Tesla shares raced higher in after-hours trading Wednesday following the company’s announcement that its factory in China had started production and quarterly financial results that beat expectations.
Shares in Tesla climbed more than 20 percent after the electric carmaker, which had been expected to post a loss, reported a profit of $143 million on revenue of $5.4 billion in the third quarter ending September 30.
Tesla said it is producing vehicles “on a trial basis” at its so-called Gigafactory in Shanghai, which will help boost global production and sales.
Tesla chief executive Elon Musk expressed optimism that the Shanghai factory could begin cranking out Model Y vehicles by the middle of next year, and said he believed the new model has the potential to be a huge seller.
The company has been dogged by concerns it may not be able to ramp up production to meet demand and that Musk may have overstated Tesla’s goals for sales and technology improvements.
Musk has predicted the company may be able to deliver self-driving cars by 2020, although analysts are skeptical.
Improvements to “Smart Summon,” a feature that allows owners to summon their car with a smartphone app, are also expected, he said.
Musk touted the tool as a step toward fully autonomous vehicles and said that an over-the-air software update will be pushed out in the coming weeks.
Tesla, a contender in the race to produce fully self-driving cars, last month issued a software update that included “Smart Summon.”
Under the feature, an app acts as a remote control which allows an owner to beckon their car, although Tesla advised they keep the vehicle in sight the whole time.
“We have Auto Pilot on the highway, and slow-speed Summon,” Musk said while discussing the road to self-driving Teslas on an earnings call.
“Now we are working on stop lights, stop signs, windy narrow roads in suburban neighborhoods…. You are going to want all of that.”
Tesla could be at a point where it could upload software for its vehicles to have “robotaxi” functionality, albeit with a human ready to take control, by the end of this year, according to Musk.
“I mean the car will drive from one’s house to work, most likely without interventions,” Musk explained.
“It will still be supervised, but able to fill in the gap from low-speed autonomy with Summon and high-speed autonomy on the highway.”

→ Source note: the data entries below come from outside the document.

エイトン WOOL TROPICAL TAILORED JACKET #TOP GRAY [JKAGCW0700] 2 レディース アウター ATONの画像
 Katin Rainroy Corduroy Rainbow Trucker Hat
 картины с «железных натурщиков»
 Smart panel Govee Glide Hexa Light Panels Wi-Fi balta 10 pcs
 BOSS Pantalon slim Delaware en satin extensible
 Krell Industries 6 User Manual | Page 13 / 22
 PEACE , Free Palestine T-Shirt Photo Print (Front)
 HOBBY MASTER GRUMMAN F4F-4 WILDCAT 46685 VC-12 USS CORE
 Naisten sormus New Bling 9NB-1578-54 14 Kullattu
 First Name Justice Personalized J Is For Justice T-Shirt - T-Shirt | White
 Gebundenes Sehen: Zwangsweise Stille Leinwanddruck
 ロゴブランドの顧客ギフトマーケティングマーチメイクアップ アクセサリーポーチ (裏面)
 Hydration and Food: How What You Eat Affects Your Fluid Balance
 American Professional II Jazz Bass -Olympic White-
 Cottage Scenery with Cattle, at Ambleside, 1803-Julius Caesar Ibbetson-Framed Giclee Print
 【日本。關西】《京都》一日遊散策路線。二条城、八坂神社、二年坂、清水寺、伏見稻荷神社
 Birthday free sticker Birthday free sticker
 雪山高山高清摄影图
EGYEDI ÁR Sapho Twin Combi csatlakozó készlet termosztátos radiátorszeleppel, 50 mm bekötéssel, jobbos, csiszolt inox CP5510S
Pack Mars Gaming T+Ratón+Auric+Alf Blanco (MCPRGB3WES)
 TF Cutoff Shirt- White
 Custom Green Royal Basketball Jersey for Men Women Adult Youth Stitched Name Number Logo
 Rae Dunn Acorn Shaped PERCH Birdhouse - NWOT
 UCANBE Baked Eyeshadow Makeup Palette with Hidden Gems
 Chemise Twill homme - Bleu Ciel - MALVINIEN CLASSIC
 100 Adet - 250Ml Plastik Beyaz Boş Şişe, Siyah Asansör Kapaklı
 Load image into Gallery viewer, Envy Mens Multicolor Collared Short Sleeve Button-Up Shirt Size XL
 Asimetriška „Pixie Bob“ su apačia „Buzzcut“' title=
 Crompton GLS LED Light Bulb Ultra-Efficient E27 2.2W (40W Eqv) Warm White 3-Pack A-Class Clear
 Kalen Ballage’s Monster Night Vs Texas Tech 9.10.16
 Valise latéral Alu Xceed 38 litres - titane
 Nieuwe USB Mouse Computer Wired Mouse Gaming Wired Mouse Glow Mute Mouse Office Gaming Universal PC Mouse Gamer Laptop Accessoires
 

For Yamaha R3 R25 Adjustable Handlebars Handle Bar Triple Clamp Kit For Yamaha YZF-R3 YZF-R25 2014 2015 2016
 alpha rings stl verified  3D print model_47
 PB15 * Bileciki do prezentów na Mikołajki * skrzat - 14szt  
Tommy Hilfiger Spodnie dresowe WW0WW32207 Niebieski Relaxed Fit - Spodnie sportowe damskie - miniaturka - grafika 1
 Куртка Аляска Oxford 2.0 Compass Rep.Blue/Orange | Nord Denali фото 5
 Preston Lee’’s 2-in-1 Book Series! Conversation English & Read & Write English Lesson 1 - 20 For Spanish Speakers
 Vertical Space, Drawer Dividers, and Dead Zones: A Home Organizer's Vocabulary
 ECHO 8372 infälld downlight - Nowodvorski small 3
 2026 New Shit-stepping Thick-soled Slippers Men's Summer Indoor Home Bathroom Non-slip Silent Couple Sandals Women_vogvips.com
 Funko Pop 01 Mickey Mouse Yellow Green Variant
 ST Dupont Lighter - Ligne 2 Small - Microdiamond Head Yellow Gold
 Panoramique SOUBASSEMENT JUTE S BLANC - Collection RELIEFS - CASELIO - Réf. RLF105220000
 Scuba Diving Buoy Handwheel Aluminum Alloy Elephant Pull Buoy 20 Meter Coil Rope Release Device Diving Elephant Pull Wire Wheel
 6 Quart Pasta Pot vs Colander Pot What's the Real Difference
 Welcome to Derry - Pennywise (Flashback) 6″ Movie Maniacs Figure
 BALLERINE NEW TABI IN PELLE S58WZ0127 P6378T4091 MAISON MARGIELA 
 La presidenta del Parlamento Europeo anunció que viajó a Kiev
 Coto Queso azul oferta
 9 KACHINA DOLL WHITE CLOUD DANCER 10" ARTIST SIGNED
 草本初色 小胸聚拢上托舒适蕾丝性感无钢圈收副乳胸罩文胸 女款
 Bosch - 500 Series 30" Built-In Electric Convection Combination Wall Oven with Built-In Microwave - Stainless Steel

A version of the feature “reliable enough that you don’t have to pay attention” to driving could be ready by the end of next year, but would be subject to approval by regulators, he added.
Going home again
Musk expected the Shanghai factory to hit “volume production” in a few months, and to make it possible to significantly ramp up Tesla production. He noted that a battery plant was also being built on the China site.
The shareholder letter said Tesla expects to boost vehicle deliveries and that “we are highly confident in exceeding 360,000 deliveries this year.”
Tesla said deliveries of its Model 3, the most affordable vehicle in its lineup and a key to broader sales, reached 79.8 million in the past quarter, an increase of 50 percent compared with last year.
With Model 3 production pressure lifted, Tesla has been able to return engineering talent and other resources such as power cell production to its unit specializing in solar roofs and home power storage packs, according to Musk.
He said he felt that the Tesla Energy unit has long-term potential to be as big a business as its automotive division, or maybe even bigger.
“Now that car production is in a good place, we have restored resources to Tesla Energy so that is going to see crazy growth,” Musk said.
“Tesla’s mission from the beginning has been to promote development of sustainable energy and renewable energy vehicles.”